Mast cells (MCs) have been implicated in fibrogenesis, angiogenesis, and immunity against bacteria. These 3 mechanisms participate in the peritoneal pathology secondary to peritoneal dialysis (PD) treatment. Despite their potential relevance to PD-related pathology, few studies have focused on MCs.
To evaluate possible variations in the number of MCs during PD treatment.

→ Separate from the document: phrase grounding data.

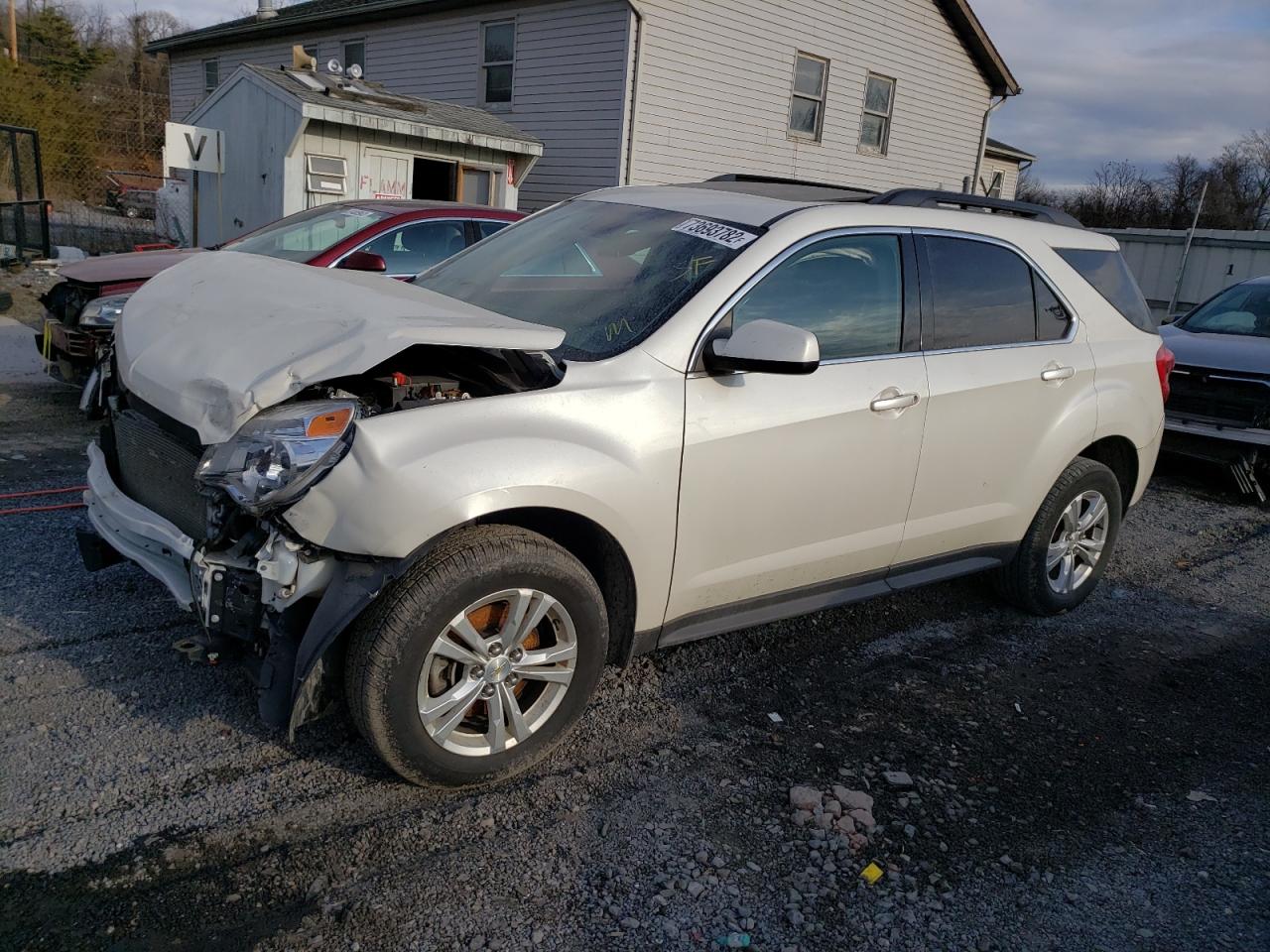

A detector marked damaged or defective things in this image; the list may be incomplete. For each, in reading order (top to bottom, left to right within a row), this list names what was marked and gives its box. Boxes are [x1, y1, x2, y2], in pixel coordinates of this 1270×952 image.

damaged front end [86, 342, 564, 736]
crumpled hood [119, 254, 566, 446]
damaged white car [81, 179, 1168, 791]
crumpled hood [1163, 324, 1270, 375]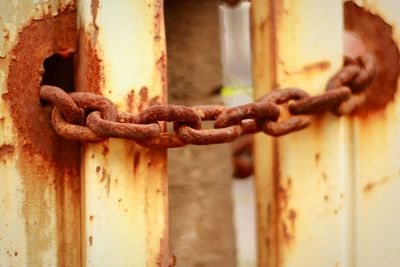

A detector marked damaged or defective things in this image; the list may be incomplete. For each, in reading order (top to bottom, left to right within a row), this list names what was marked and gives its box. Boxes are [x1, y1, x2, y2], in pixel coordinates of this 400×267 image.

rust stain [4, 7, 81, 266]
orange rust patch [4, 7, 81, 266]
rusty metal chain [40, 54, 378, 149]
rusty chain link [40, 54, 378, 149]
rust stain [364, 177, 390, 194]
orange rust patch [364, 176, 390, 195]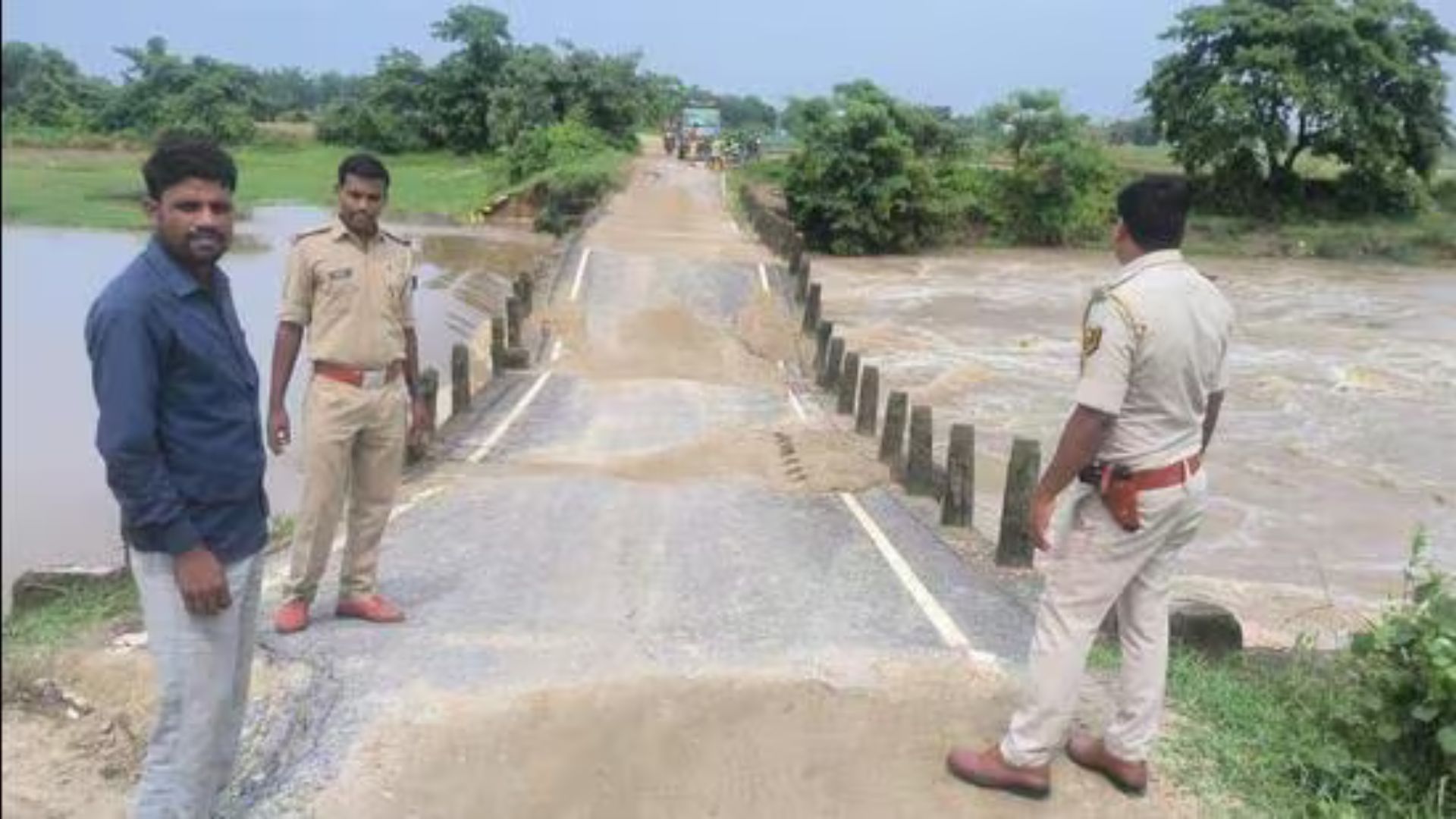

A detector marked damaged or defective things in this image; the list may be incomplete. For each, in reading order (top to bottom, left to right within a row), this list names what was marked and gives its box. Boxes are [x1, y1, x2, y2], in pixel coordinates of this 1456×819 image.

damaged road surface [237, 157, 1195, 813]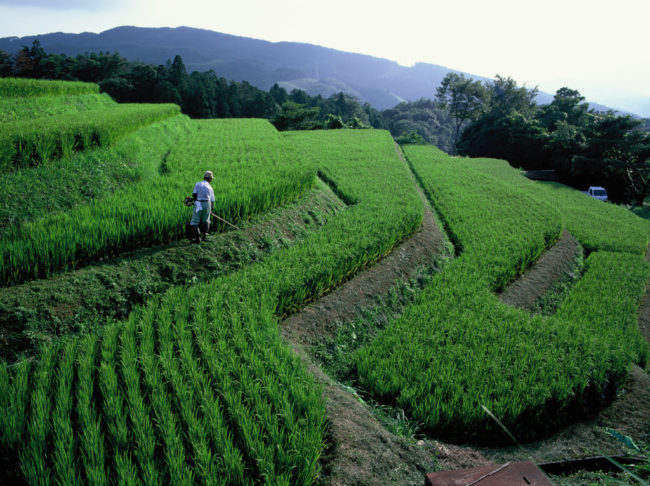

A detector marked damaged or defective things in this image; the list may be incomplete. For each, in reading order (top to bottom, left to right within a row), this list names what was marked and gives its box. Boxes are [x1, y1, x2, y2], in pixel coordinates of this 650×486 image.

rusted metal sheet [426, 462, 552, 484]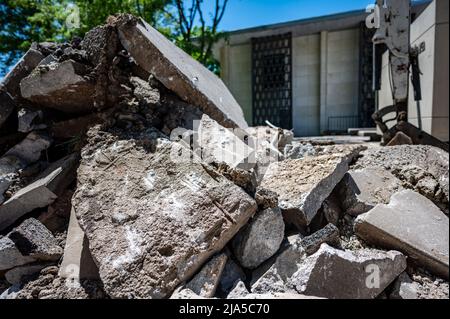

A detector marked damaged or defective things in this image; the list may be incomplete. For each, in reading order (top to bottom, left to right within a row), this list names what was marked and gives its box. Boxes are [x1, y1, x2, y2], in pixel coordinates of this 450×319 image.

broken concrete slab [0, 48, 44, 99]
broken concrete slab [20, 60, 96, 115]
broken concrete slab [114, 14, 248, 130]
broken concrete slab [0, 238, 35, 272]
broken concrete slab [4, 264, 49, 286]
broken concrete slab [6, 220, 62, 262]
broken concrete slab [0, 154, 78, 231]
broken concrete slab [59, 208, 99, 280]
broken concrete slab [71, 126, 256, 298]
broken concrete slab [186, 254, 229, 298]
broken concrete slab [232, 208, 284, 270]
broken concrete slab [260, 154, 352, 228]
broken concrete slab [298, 224, 342, 256]
broken concrete slab [290, 245, 406, 300]
broken concrete slab [338, 168, 404, 218]
broken concrete slab [356, 190, 448, 280]
broken concrete slab [390, 272, 418, 300]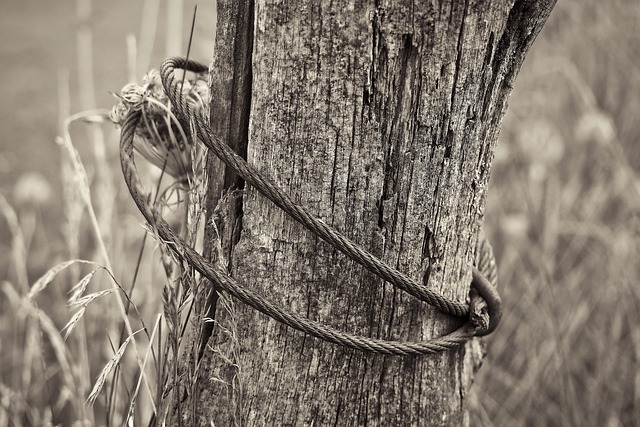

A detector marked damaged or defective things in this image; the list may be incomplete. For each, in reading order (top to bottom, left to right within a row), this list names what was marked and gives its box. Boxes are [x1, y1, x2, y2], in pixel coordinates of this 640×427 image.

rusty wire loop [117, 57, 502, 358]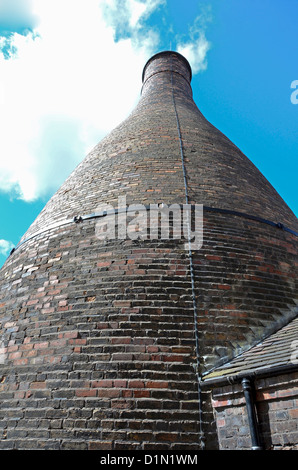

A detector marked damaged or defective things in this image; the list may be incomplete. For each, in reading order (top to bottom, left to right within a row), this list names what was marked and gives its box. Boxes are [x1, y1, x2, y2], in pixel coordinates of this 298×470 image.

vertical crack in brickwork [170, 57, 205, 450]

A quantitative study of tissue MCs in normal and pathologic peritoneum. Parietal peritoneal biopsies were collected from 4 groups: (1) normal controls (n = 9), (2) uremic non-PD patients (n = 16), (3) uremic patients on PD (n = 26), and (4) non-renal patients with inguinal hernia (n = 20). MCs were evaluated using immunohistochemistry for the detection of tryptase. The total number of cross sections of vessels per peritoneal field was examined in 22 of the 26 peritoneal biopsies of PD patients.

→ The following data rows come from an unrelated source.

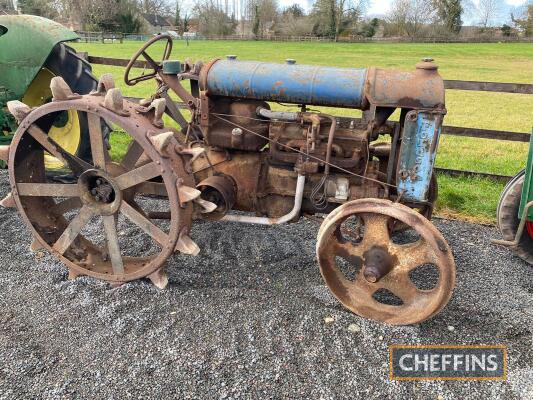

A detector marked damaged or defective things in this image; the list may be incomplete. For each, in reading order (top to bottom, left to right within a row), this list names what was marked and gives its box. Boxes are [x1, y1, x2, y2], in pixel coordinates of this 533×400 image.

rusty steel wheel [6, 87, 195, 288]
rusty steel wheel [318, 198, 456, 324]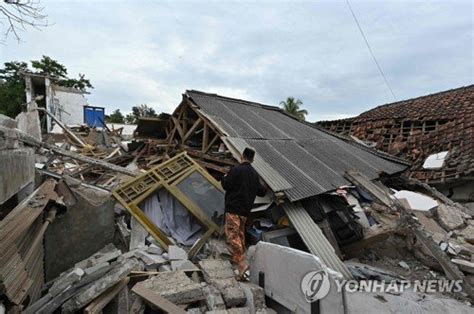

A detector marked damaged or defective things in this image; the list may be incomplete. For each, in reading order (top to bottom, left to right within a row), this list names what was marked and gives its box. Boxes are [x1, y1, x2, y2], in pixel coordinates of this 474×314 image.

damaged structure [0, 87, 474, 312]
damaged structure [316, 84, 474, 210]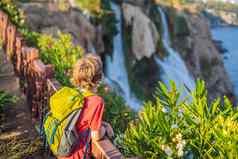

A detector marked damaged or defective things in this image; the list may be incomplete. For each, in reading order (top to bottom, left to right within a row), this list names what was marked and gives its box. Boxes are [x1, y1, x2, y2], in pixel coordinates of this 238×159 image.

rusty metal fence [0, 10, 122, 159]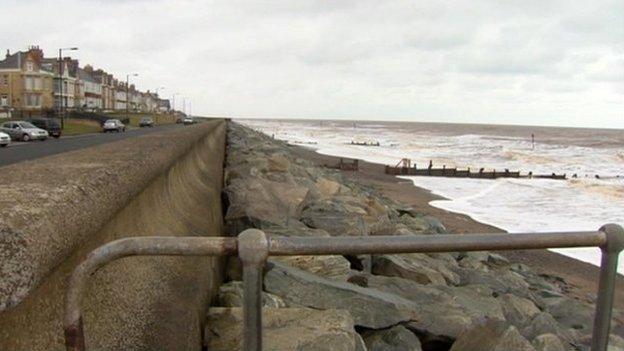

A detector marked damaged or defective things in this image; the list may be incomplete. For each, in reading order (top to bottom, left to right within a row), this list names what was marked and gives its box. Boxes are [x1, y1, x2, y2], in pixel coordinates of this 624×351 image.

rusty railing [64, 224, 624, 350]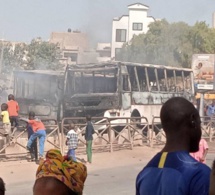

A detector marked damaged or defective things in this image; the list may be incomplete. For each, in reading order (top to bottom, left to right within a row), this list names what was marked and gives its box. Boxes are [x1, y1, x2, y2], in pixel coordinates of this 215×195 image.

burnt bus [13, 69, 63, 119]
second burnt bus [62, 62, 195, 123]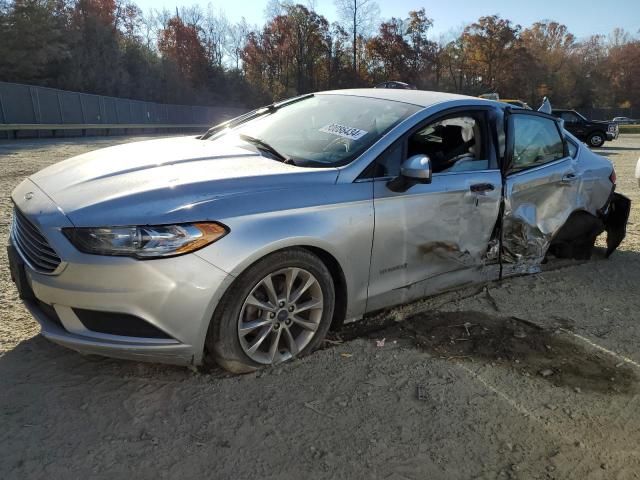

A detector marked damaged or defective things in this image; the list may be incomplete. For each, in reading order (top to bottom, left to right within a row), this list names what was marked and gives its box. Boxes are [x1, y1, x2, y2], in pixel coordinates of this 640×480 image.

damaged silver sedan [7, 91, 632, 376]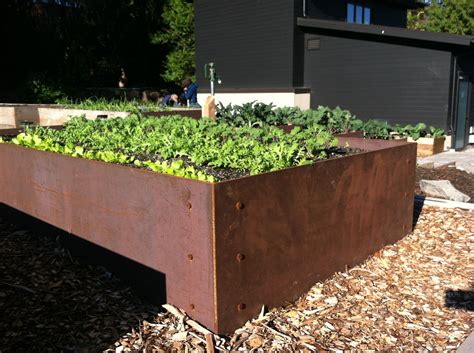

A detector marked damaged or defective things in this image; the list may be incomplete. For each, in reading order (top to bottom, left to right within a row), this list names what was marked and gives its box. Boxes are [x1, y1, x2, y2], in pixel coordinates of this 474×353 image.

rusty steel panel [0, 143, 215, 328]
rusty steel panel [213, 143, 416, 332]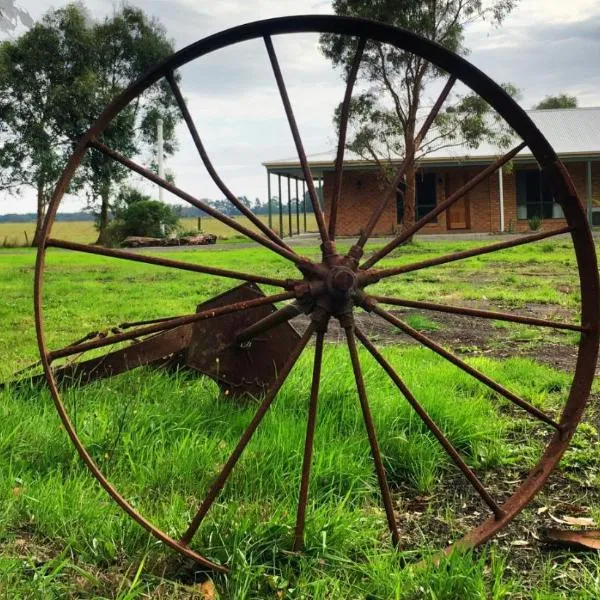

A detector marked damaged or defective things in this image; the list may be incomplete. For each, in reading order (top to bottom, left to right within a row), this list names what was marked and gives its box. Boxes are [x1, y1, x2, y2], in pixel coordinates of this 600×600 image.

rusted metal surface [186, 282, 300, 398]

PD tissue samples showed fibrosis, mesothelial cell loss, and variable hyalinizing vasculopathy. The number of MCs was similar in normal controls and non-PD uremic patients (mean +/- SE: 7.13 +/- 0.67 and 7.74 +/- 0.74 MCs/mm2, respectively). Peritoneal dialysis patients showed a reduction (4 +/- 0.38 MCs/mm2, P < .001), whereas hernia sac samples showed an increase (10.59 +/- 3.48 MCs/mm2). MC reduction showed no correlation with time on dialysis, fibrosis, number of vessels, or previous episodes of peritonitis.
The peritoneum of patients receiving PD treatment shows a reduction of MCs. Despite such a reduction, fibrosis takes place, suggesting that MCs do not play a critical role in fibrosis genesis. Mast cell loss may be a contributory factor to peritonitis episodes in PD patients.